Yes, but each cluster is analyzed as a whole. Each fragment in the library gives rise to one cluster and although this cluster contains thousands of copies of the fragment it will give rise to only one read in the FASTQ file. So this is not an issue since these thousands of copies will not distort the counts.
The issue is when there are many copies of the same fragment in the library. Copies that are generated by steps in the library prep or by the sequencing itself (so copies that do not have a biological origin). Each copy will give rise to a read in the FASTQ file so the file will contain duplicates that distort the counts.
Unless you use UMIs you have no way to distinguish biological from technical duplicates in RNASeq data.

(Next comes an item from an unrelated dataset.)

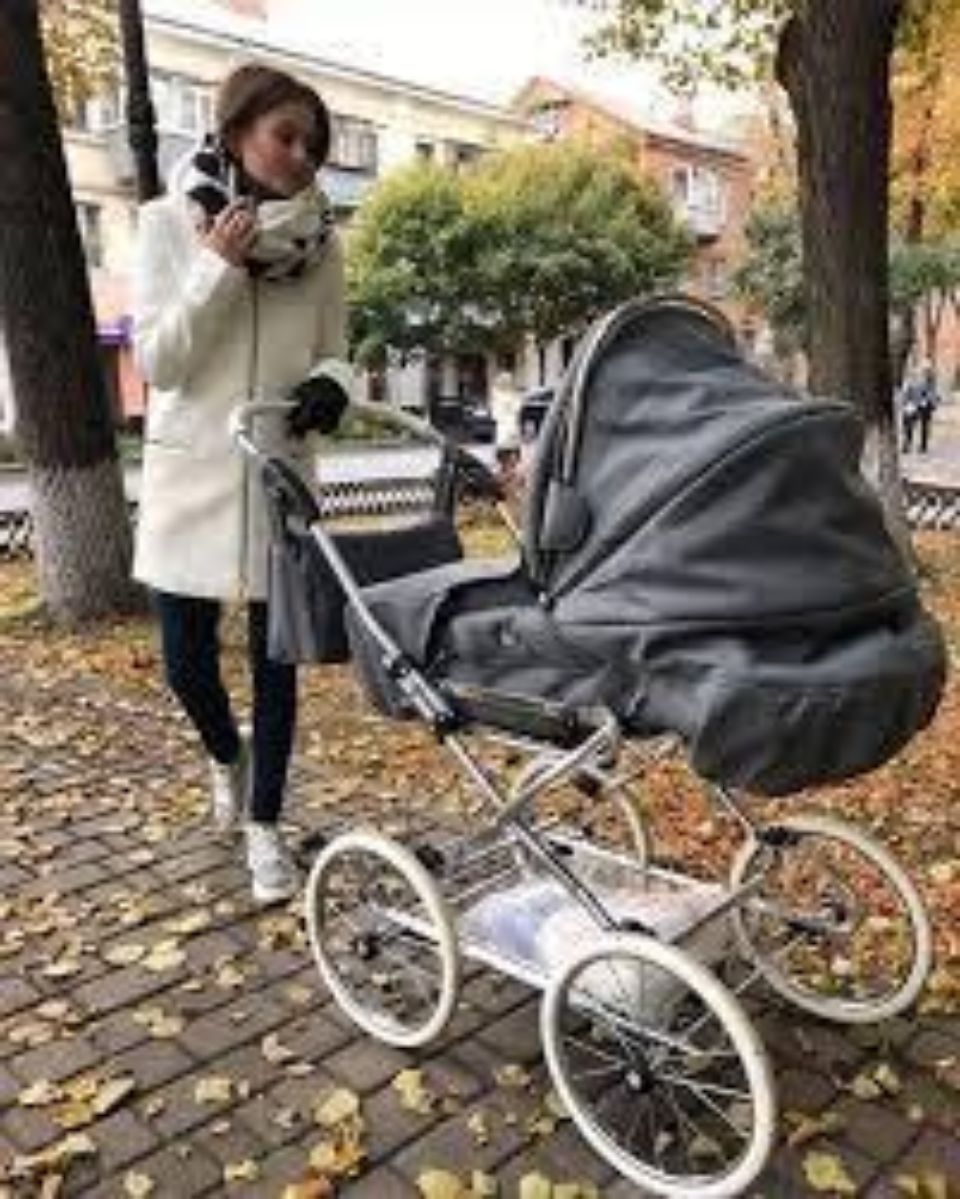 Frau mit Kinderwagen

It is expected that the biological duplicates outnumber the technical duplicates. So to be safe all duplicates are kept based on the underlying assumption that most of them are biological because typically, you don’t have to do a lot of PCR during RNASeq library prep.

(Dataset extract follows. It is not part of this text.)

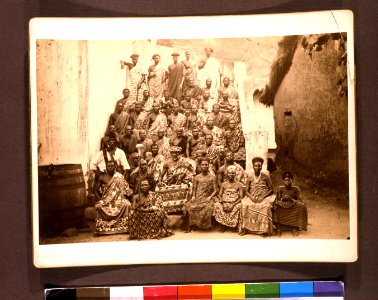 King Kobina of Elmina and members of tribe, Ghana LCCN2010646505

If you want to make the distinction, you can add an extra barcode in the adapters that is unique for each transcript: the UMI. You ligate the adapters very early in the library prep so that each transcript has a unique UMI. If a transcript is then copied during the library prep there will be two copies in the library with the same UMI. In this way the UMIs will allow to identify technical duplicates. UMIs were originally used for single cell RNASeq but more and more people are also using them for bulk RNASeq.
Without the use of UMIs you cannot distinguish technical from biological duplicates in RNASeq data.